Ketiga, disediakannya alat pengering jagung, hal ini sangat perlu diperhatikan, karena bila pada umumnya petani tradisional mengeringkan jagung dengan dijemur dibawah sinar matahari, maka bila terjadi panen besar maka lahan tempat penjemuran menjadi terbatas, sehingga petani terpaksa menjual jagung yang kadar airnya masih tinggi dengan harga murah daripada disimpan dan menjadi rusak.

Keempat adalah penjaminan harga, penjaminan harga ini harus dilakukan untuk menekan fluktuasi akibat perubahan harga komoditi jagung dipasaran Internasional.

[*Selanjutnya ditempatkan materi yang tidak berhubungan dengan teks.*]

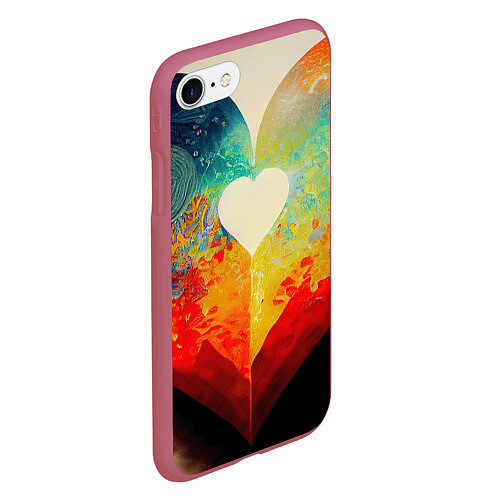 Чехол iPhone 7/8 матовый Your heart / 3D-Малиновый – фото 2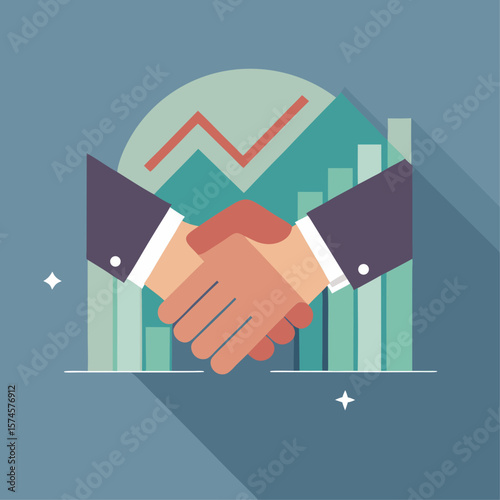 A handshake between two people with a graph in the background. The graph shows a downward trend. Concept of a business deal or partnership, with the handshake symbolizing agreement and trust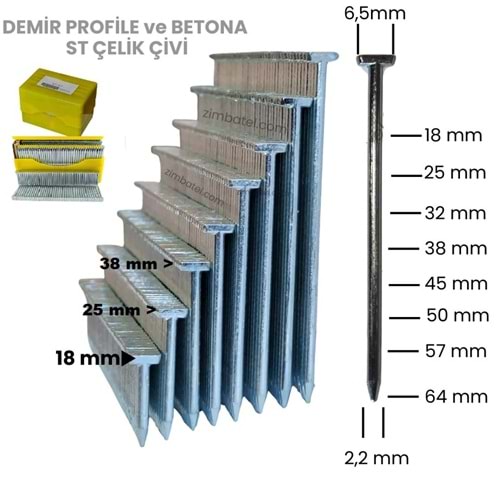 ST-38 38MM BETON , PROFİL T MODEL ÇİVİ ( 1000 AD. ST-38 UYUMLU)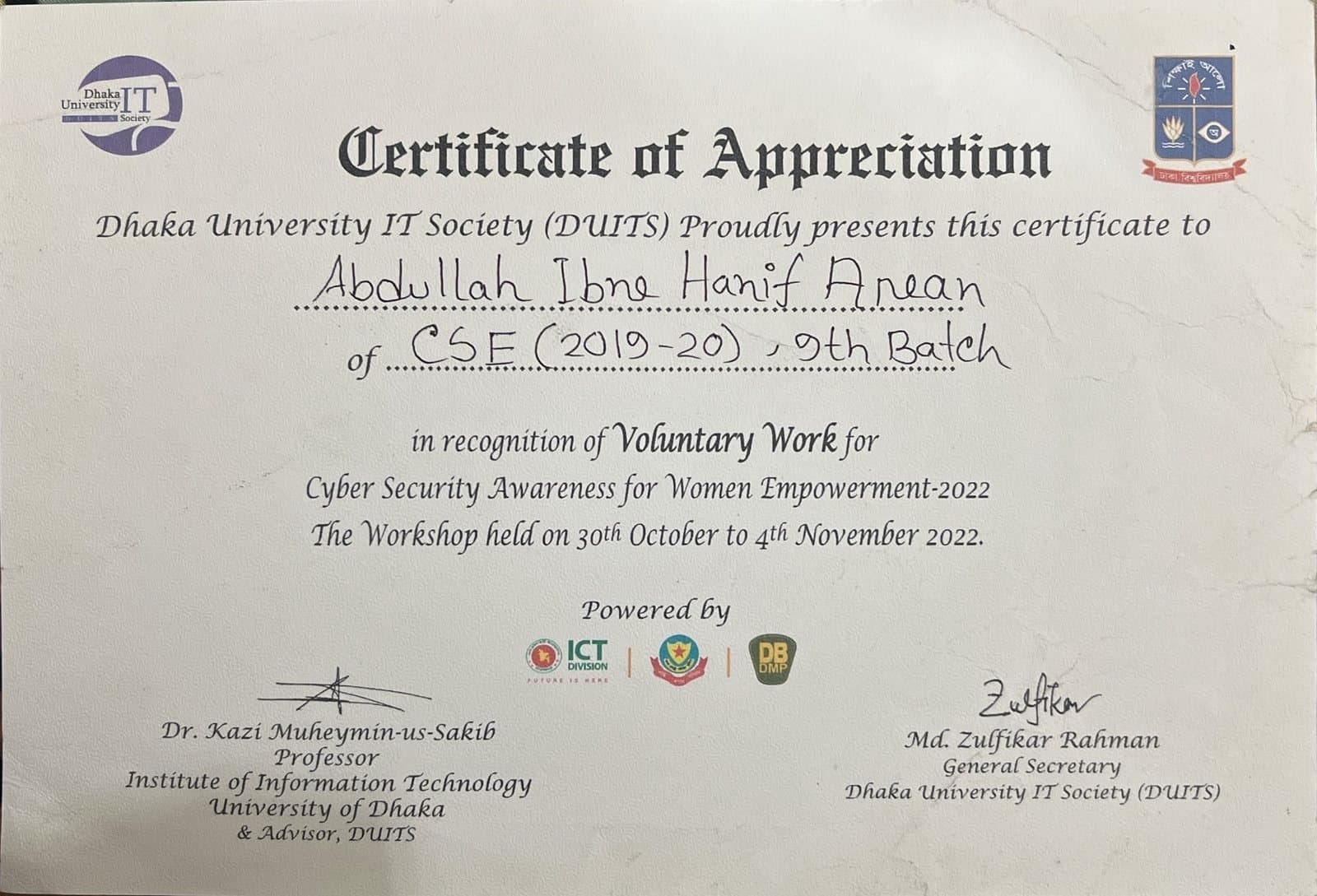 Best Volunteer — Cyber Security Workshop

Dengan adanya hal ini maka terciptanya kepastian usaha bagi petani yang berakibat pula pada kepastian produksi bahan baku untuk industri yang membutuhkan. Metode ini telah diterapkan di Provinsi Gorontalo.

Namun inti dari semua solusi diatas adalah komitmen penuh dari seluruh masyarakat dan Pemerintah Sulawesi Utara dalam memajukan pertanian jagung. Saya harap dengan tulisan ini, mata seluruh stakeholder yang ada di Provinsi Sulawesi Utara bisa terbuka akan potensi pasar jagung nasional yang ada, yang pada akhirnya bisa mensejahterakan masyarakat dan memajukan perekonomian daerah.